E’ stata la Parola per prima a rompere il silenzio, a dire il nostro nome, a dare un progetto alla nostra vita. E’ in questa parola che il nascere e il morire, l’amare e il donarsi, il lavoro e la società hanno un senso ultimo e una speranza. E’ grazie a questa Parola che io sono qui e tento di esprimermi. “Nella tua luce vediamo la luce”.

Rivivo qualcosa dell’impressione di Isaia, che sentiva le labbra impure di fronte al mistero del Dio vivente. Vorrei dire come Pietro: “Signore, allontanati da me che sono un peccatore”. Intuisco che sto per parlare di qualcosa che è come una spada a doppio taglio, che mi penetra dentro fino al punto di divisione dell’anima e dello spirito, che scruta i sentimenti e i pensieri del mio cuore. Vorrei che tutti coloro che leggono partecipassero al senso di timore, che mi invade in questo momento, e si mettessero spiritualmente in ginocchio con me per adorare con commozione e gioia il mistero di un Dio che si rivela e si comunica, che si fa “buona notizia” per noi, Vangelo.

E’ soltanto in questo atteggiamento di adorazione e di obbedienza profonda alla Parola che sento di poter dire qualcosa, con la coscienza di balbettare poco e male su un mistero tremendo e affascinante.

Occorre che il primato della Parola sia vissuto. Ora esso non lo è. La nostra vita è lontana dal potersi dire nutrita e regolata dalla Parola. Ci regoliamo, anche nel bene, sulla base di alcune buone abitudini, di alcuni principi di buon senso, ci riferiamo a un contesto tradizionale di credenze religiose e di norme morali ricevute. Nei momenti migliori, sentiamo un pò di più che Dio è qualcosa per noi, che Gesù rappresenta un ideale e un aiuto.

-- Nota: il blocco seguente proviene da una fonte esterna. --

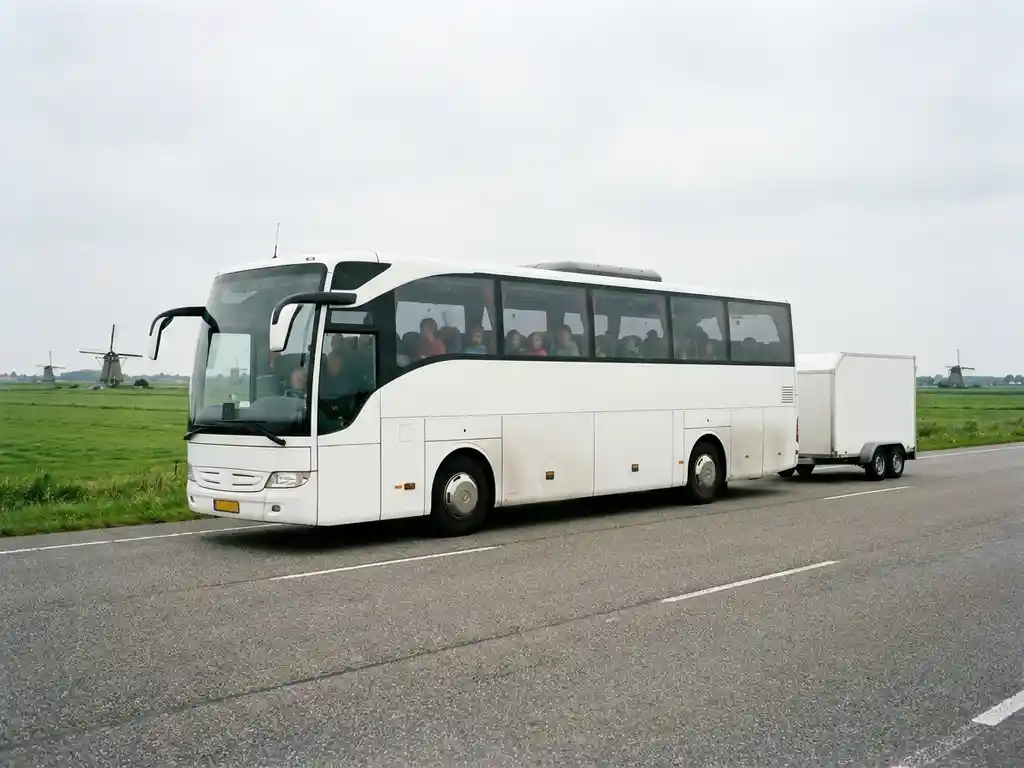 Moderne touringcar met schoolkinderenkoffers op Nederlandse polderweg, groene weilanden en windmolens op achtergrond.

Al di là di questo però sperimentiamo di solito ben poco come la parola di Dio possa divenire il nostro vero sostegno e conforto, possa illuminarci sul “vero Dio” la cui manifestazione ci riempirebbe il cuore di gioia. Facciamo solo di rado l’esperienza di come il Gesù dei Vangeli, conosciuto attraverso l’ascolto e la meditazione delle pagine bibliche, può divenire davvero “buona notizia” per noi, adesso, per me in questo momento particolare della mia storia, può farmi vedere in prospettiva nuova ed esaltante il mio posto e compito in questa società, capovolgere l’idea meschina e triste che mi ero fatto di me stesso e del mio destino.

La Messa domenicale passa spesso sulle nostre teste senza riempirci il cuore e cambiare la vita. Ci sembra che la parola di Dio e la cronaca quotidiana costituiscano come due mondi separati. La nostra vita potrebbe riempirsi di luce al contatto prolungato e attento con la Parola, e noi invece la trascorriamo in una penombra pigra e rassegnata.

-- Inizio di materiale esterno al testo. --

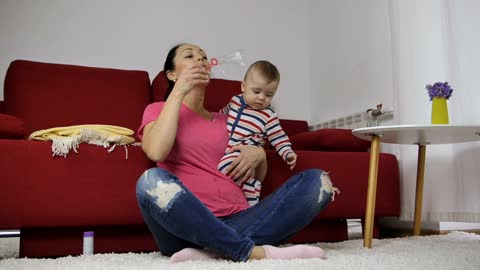 Mother blowing bubbles with her baby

Perché non scuoterci, darci da fare affinché i tesori che abbiamo tra le mani siano resi produttivi? Nell’agire quotidiano, anche se moriamo di fatica, non chiamiamo spesso a raccolta se non una magra percentuale delle nostre reali capacità espressive e operative. Perché non accettare di sperimentare come le nostre possibilità latenti e inoperose vengono scosse, riordinate e rese esplosive per l’azione dall’appello misterioso e penetrante della parola di Dio?